Material shown: Begin

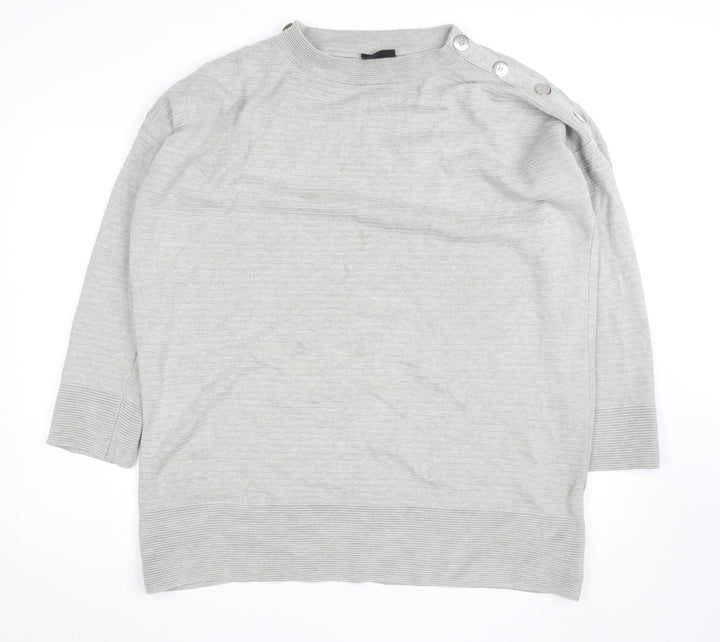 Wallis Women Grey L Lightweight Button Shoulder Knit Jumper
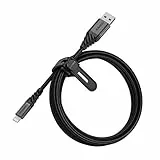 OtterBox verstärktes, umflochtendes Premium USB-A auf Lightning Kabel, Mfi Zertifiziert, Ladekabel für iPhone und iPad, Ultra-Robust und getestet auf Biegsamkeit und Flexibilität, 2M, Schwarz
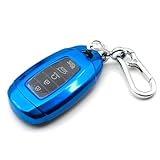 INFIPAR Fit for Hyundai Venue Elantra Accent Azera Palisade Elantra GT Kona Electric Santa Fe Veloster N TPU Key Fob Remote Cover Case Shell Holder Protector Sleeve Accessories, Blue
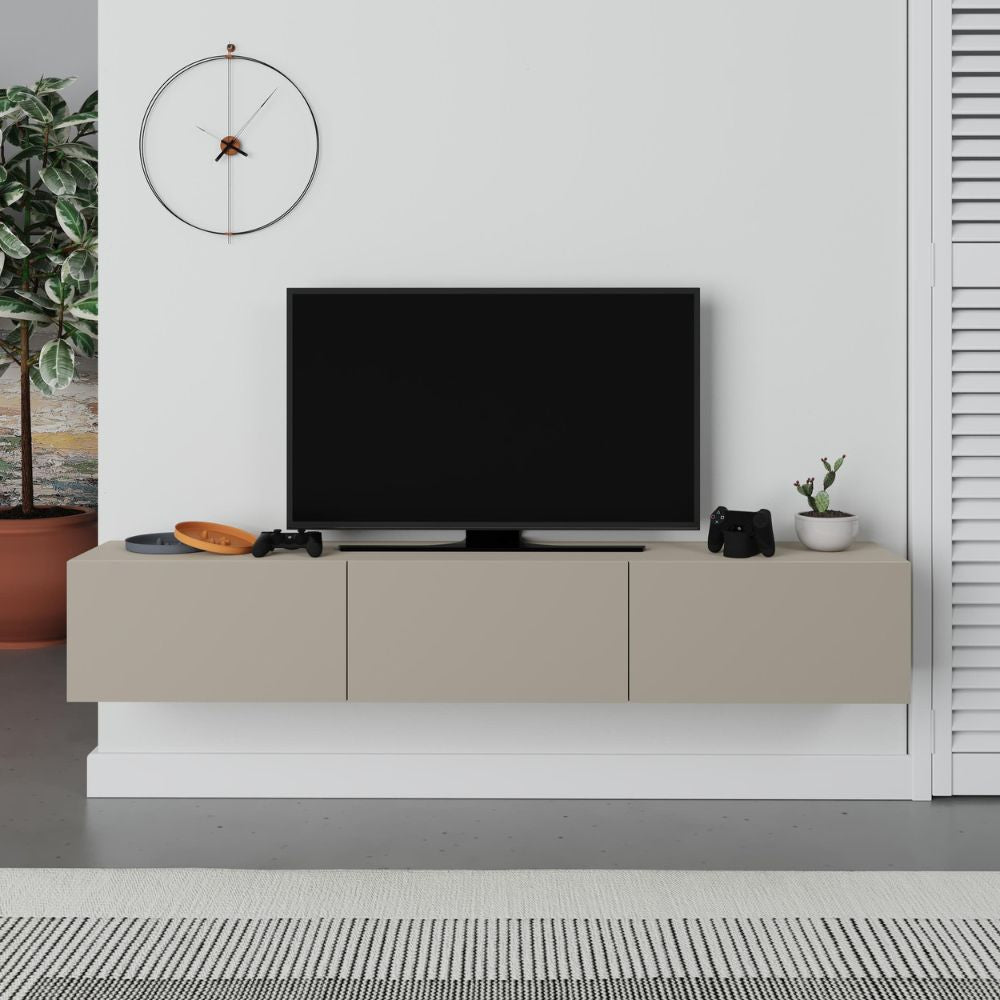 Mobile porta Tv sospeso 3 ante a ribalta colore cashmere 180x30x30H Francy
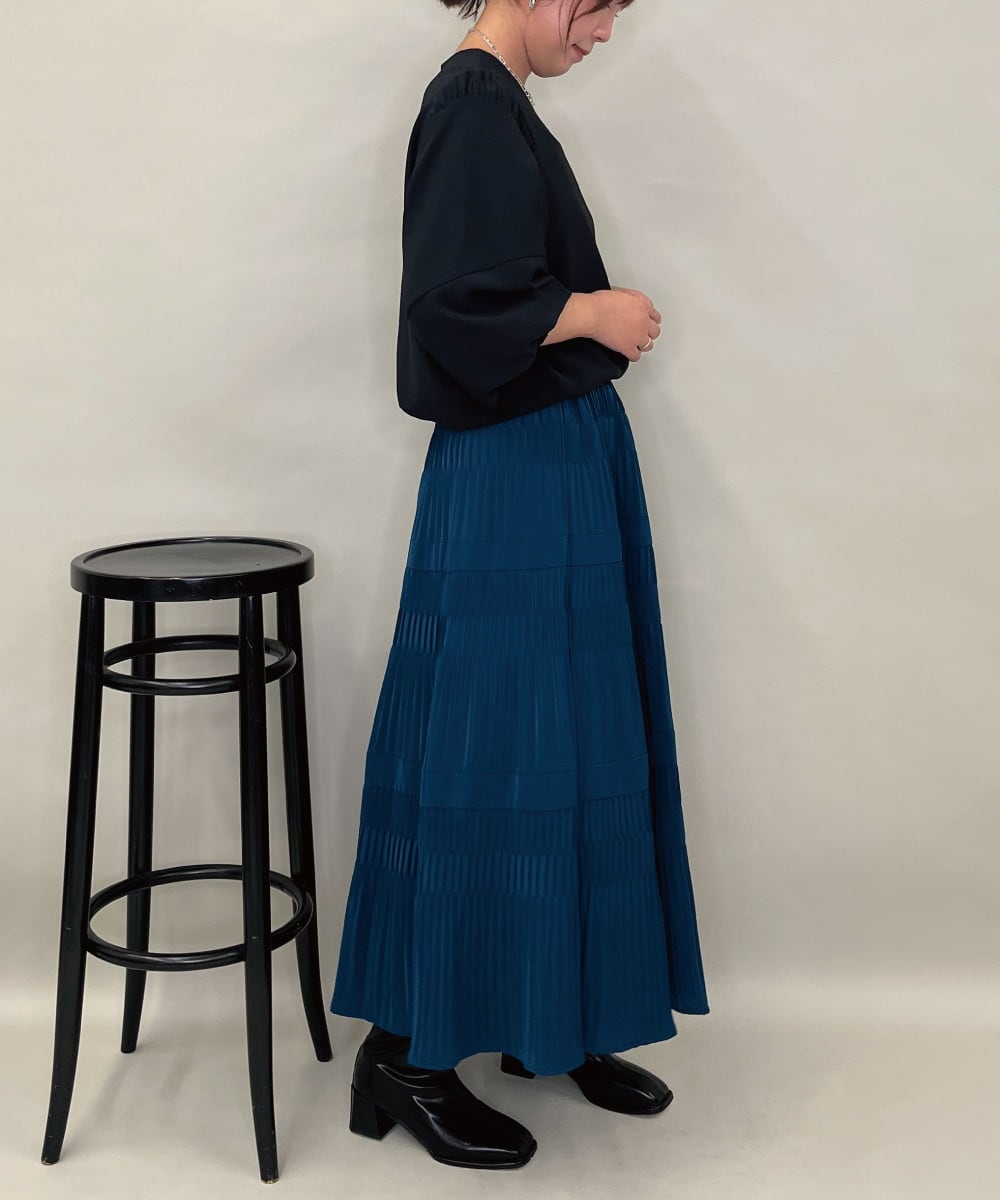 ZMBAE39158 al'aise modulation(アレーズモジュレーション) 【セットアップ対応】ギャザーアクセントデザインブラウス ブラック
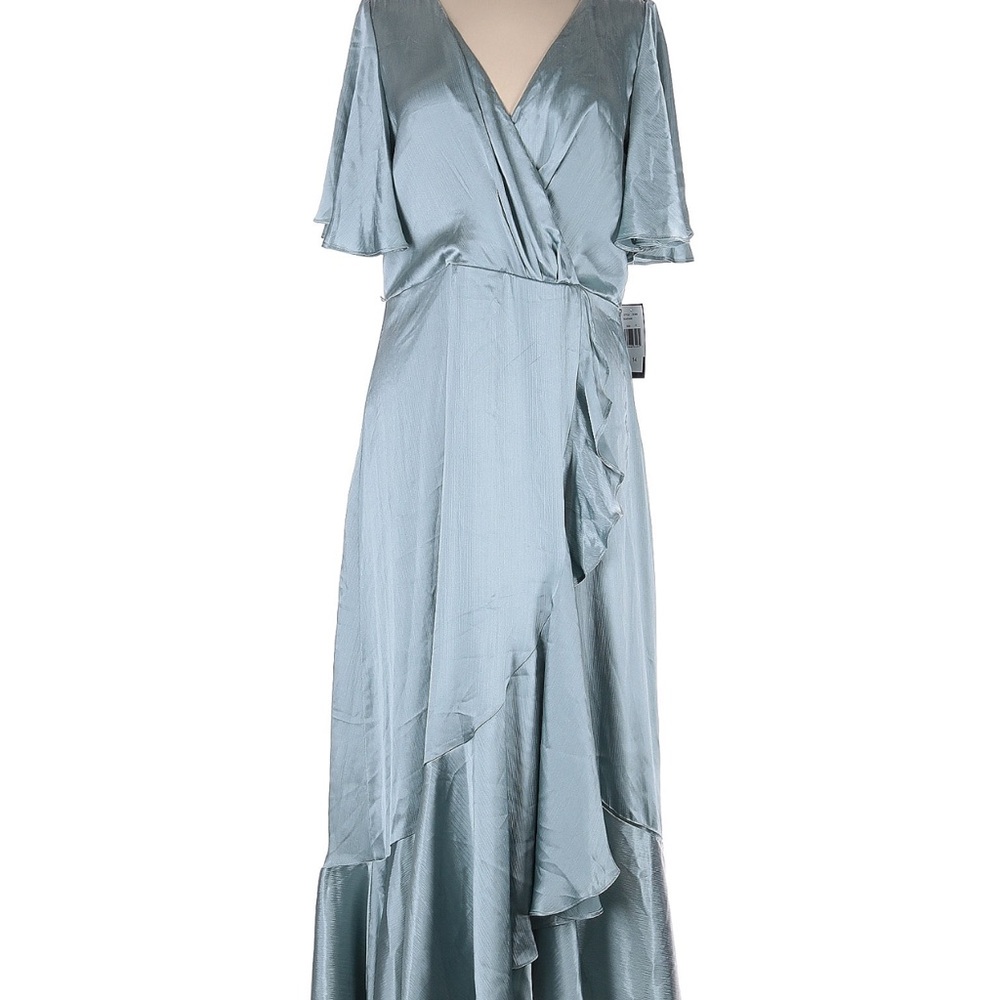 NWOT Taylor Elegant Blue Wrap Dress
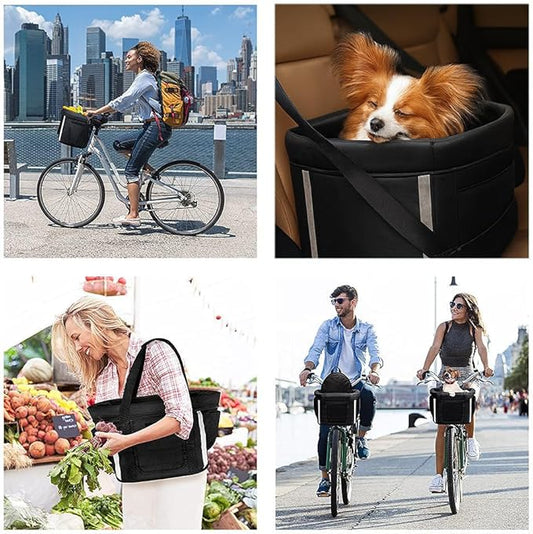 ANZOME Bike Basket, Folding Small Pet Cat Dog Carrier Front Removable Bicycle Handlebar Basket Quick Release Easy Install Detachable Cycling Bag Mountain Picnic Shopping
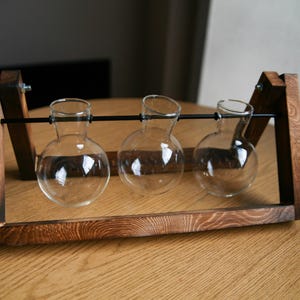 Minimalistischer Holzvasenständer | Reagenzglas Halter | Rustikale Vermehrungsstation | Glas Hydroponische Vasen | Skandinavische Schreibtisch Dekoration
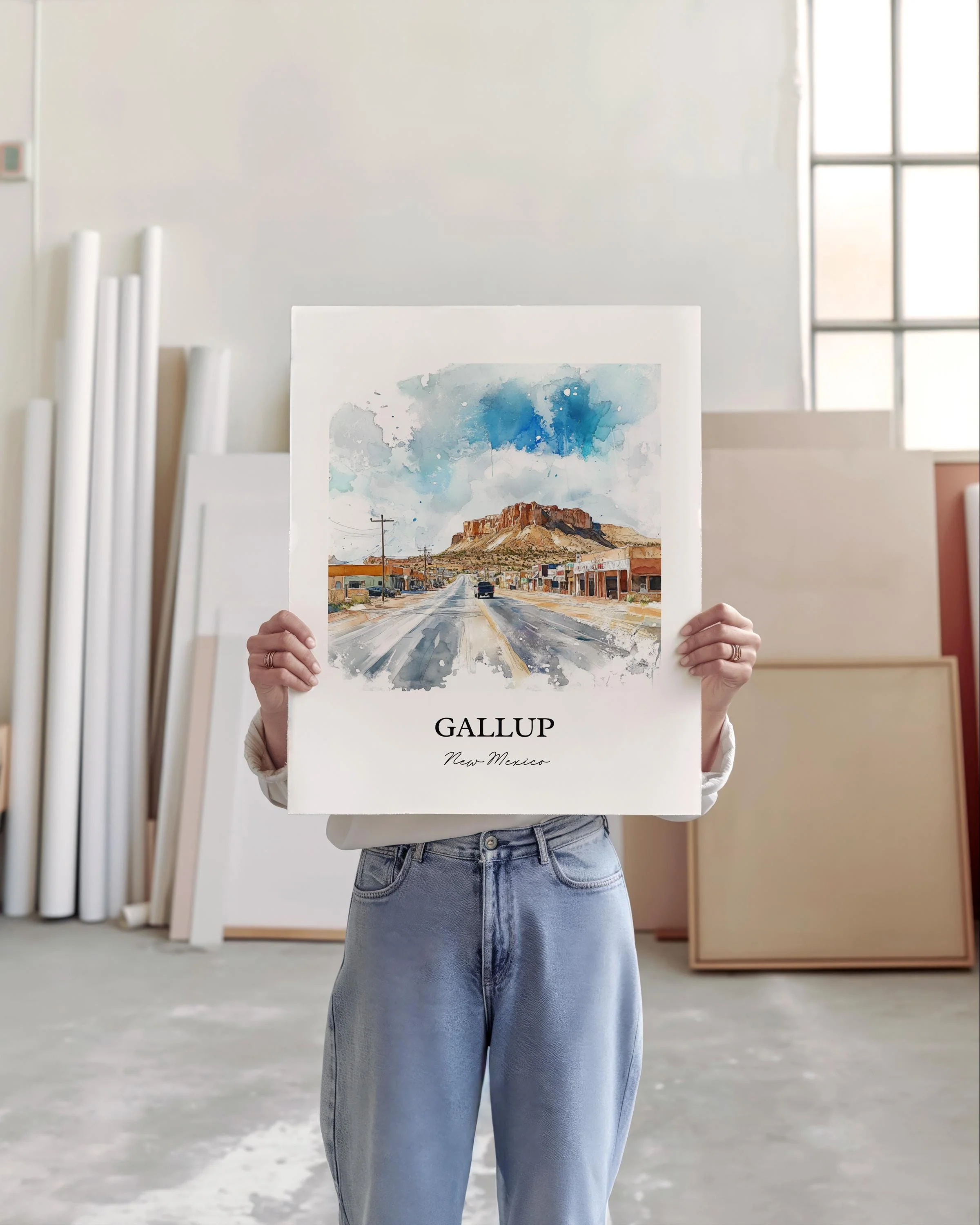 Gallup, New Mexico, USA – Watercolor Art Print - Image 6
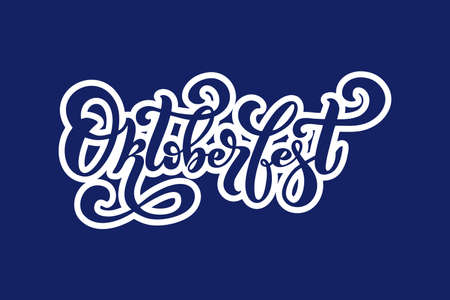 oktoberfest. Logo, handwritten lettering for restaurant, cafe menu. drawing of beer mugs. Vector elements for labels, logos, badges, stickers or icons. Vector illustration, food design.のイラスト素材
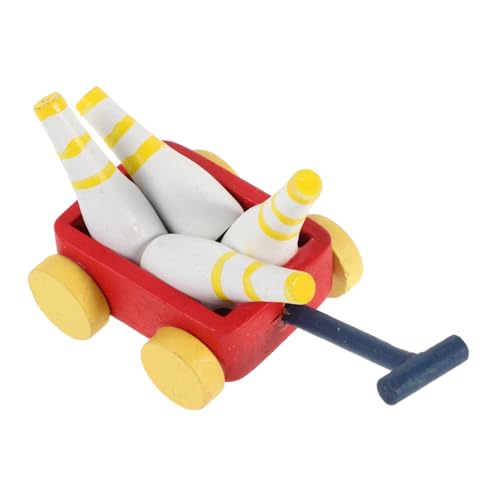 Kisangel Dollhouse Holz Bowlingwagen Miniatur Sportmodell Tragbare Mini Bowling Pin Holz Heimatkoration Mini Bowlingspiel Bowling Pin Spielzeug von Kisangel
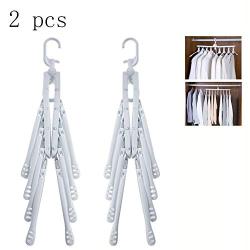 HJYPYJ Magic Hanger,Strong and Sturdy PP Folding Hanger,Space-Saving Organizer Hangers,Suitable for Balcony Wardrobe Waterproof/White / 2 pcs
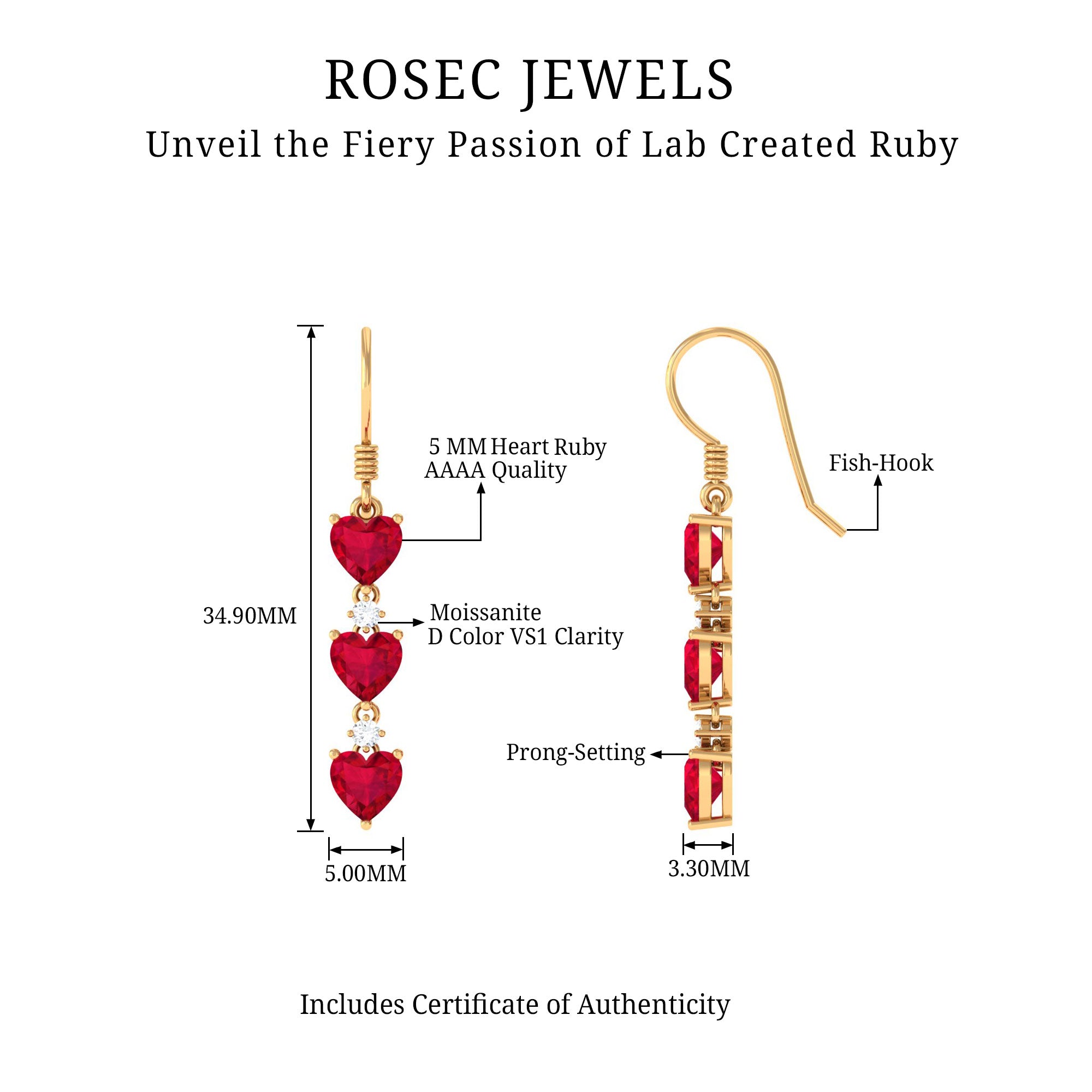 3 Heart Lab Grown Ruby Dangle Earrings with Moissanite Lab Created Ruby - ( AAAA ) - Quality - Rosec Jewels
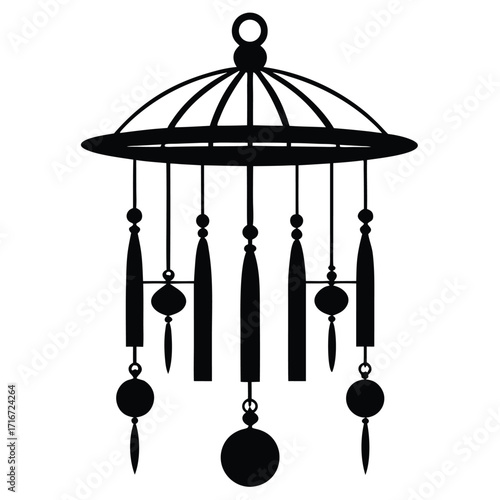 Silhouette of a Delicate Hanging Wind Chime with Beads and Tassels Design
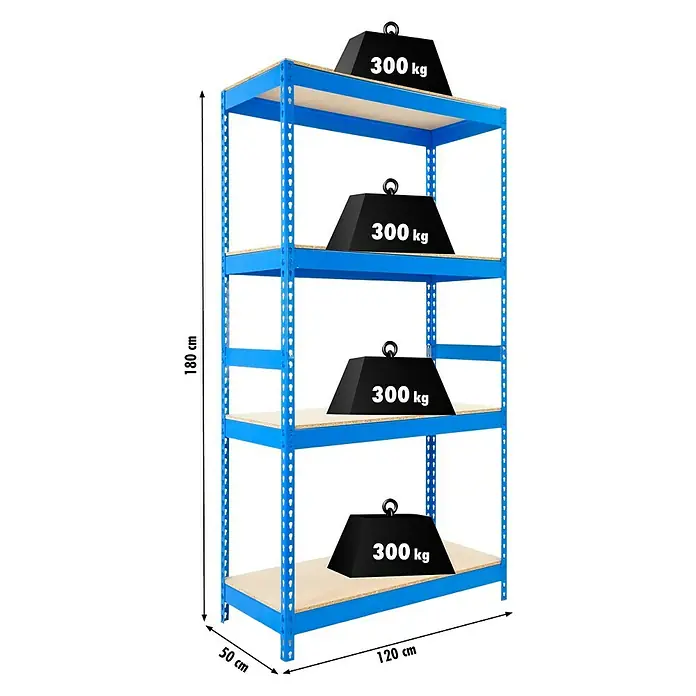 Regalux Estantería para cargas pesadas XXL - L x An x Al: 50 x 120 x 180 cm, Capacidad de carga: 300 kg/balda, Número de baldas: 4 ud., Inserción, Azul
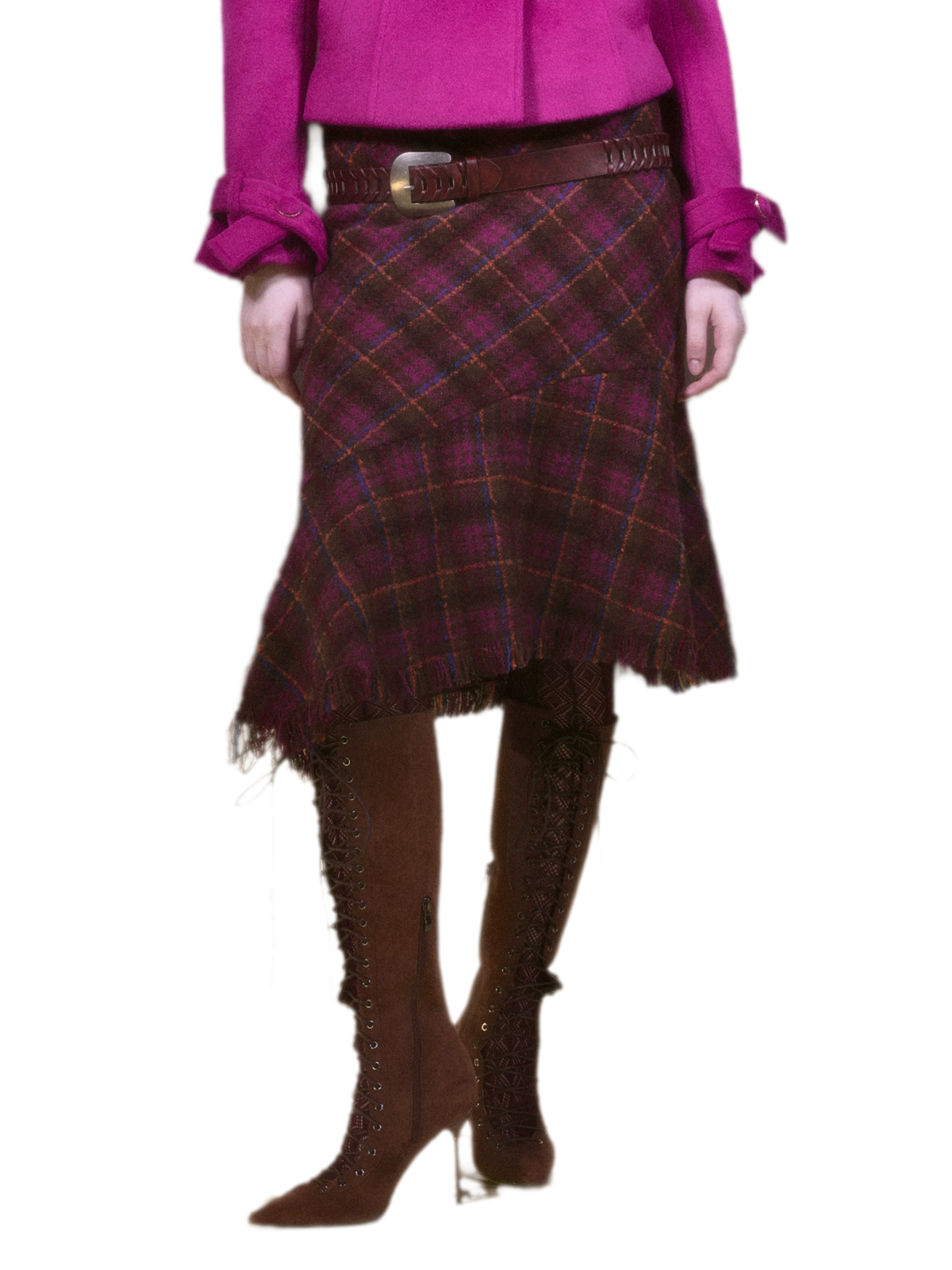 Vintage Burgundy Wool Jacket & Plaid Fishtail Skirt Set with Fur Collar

Material shown: End

• Goal of the exercise: Copy only this, please: the line with "Regalux Estantería para" and every line after it through the end of the data, with no pictures.

• Written solution:
 Regalux Estantería para cargas pesadas XXL - L x An x Al: 50 x 120 x 180 cm, Capacidad de carga: 300 kg/balda, Número de baldas: 4 ud., Inserción, Azul
 Vintage Burgundy Wool Jacket & Plaid Fishtail Skirt Set with Fur Collar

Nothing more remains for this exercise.